But for Hiphop I'd use Akai's free MPC Beats or the Standard version, if anybody needs more tracks later - but the track count really is the only difference, no other limitations in the free version.





Free DAW Software MPC Beats | Akai Pro


MPC Beats is the free beat making software DAW with Drum Programming, Sampling and Audio Recording built on the legendary MPC music production hardware.




www.akaipro.com


----------



## jonathanparham (Jan 24, 2021)

Akai MPC beats is good. I could see your hip hop creator plugged into it but it might be overkill


----------



## SlHarder (Jan 24, 2021)

Cakewalk definitely meets all my needs as hobbyist who is into orchestral music. The recent addition of arranger and articulation maps (can import Cubase expression maps) have been big improvements. The developers aggressively work at improving and expanding Cakewalk. Updates come out incrementally through the year rather than 1 big upgrade. And I think someone else mentioned it is completely FREE!


----------



## FlyingAndi (Jan 24, 2021)

I don't find cakewalk too complicated but I've been using it like forever.
I last year I taught a friend who had never used a daw before how he could record his vocals in a 1.5 hour video conference.
And definatley check out the creative sauce aka @Mike Enjo tutorials for cakewalk. You should get a good impression from those:


----------



## estolad (Jan 24, 2021)

Cakewalk is Windows only though. But it's incredible value.


----------



## chillbot (Jan 24, 2021)

Cakewalk is maybe a bit on the complicated side, this comes from constant evolving and adding features over the last 30+ years. It is very adequate (at best) for orchestral and production music, but they actively pursue the hobbyist and songwriting crowd while packing in bloatware and ignoring stability issues.

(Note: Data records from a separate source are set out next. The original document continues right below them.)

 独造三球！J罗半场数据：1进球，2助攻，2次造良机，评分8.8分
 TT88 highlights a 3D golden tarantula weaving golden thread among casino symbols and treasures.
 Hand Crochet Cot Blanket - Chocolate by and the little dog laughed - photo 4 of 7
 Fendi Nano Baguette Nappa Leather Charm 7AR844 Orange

I've used it for over 30 years with a small hiatus to Opcode Studio Vision briefly. To answer your question @Mike Greene, there is no catch whatsoever.


----------



## tf-drone (Jan 24, 2021)

TBH, I am sceptical with Cakewalk. Not with the app itself, but the homepage has not had a change in about two years. Who knows how long it will last.

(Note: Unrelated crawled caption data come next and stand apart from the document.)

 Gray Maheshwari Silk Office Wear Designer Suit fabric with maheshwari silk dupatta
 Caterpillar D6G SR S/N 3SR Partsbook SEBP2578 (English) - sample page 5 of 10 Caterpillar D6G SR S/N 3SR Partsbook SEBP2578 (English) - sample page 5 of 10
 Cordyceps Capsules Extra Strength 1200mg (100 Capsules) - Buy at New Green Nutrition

The everlasting trial version of Reaper and the aforementioned MPC are better choices IMHO. And if you buy an audio interface, Ableton Live Lite often comes with it. Another viable option.


----------



## ReleaseCandidate (Jan 24, 2021)

tf-drone said:


> TBH, I am sceptical with Cakewalk. Not with the app itself, but the homepage has not had a change in about two years. Who knows how long it will last.


That's the original Cakewalk (Gibson) webpage, this site won't change any more 





Cakewalk - The World's Best Software For Recording And Making Music On PC And Mac


Cakewalk develops computer software for recording and making music. Our products include award-winning digital audio workstations for PC, fully-integrated music making software and recording hardware, and innovative soft-synth virtual instruments for PC and Mac.




www.cakewalk.com




The current one:








BandLab: Make Music Online


The cloud platform where musicians and fans create music, collaborate, and engage with each other across the globe




www.bandlab.com


----------



## MisteR (Jan 24, 2021)

Tracktion Waveform Free works on all platforms, even ubuntu and raspbian. https://www.tracktion.com/products/waveform-free


----------



## Mike Greene (Jan 24, 2021)

Thanks guys. I think I'll steer them towards FL Studio, since that's probably going to be the closest match for their needs, plus I imagine it's a bit easier for a newbie than Cakewalk, which it sounds like is more full featured.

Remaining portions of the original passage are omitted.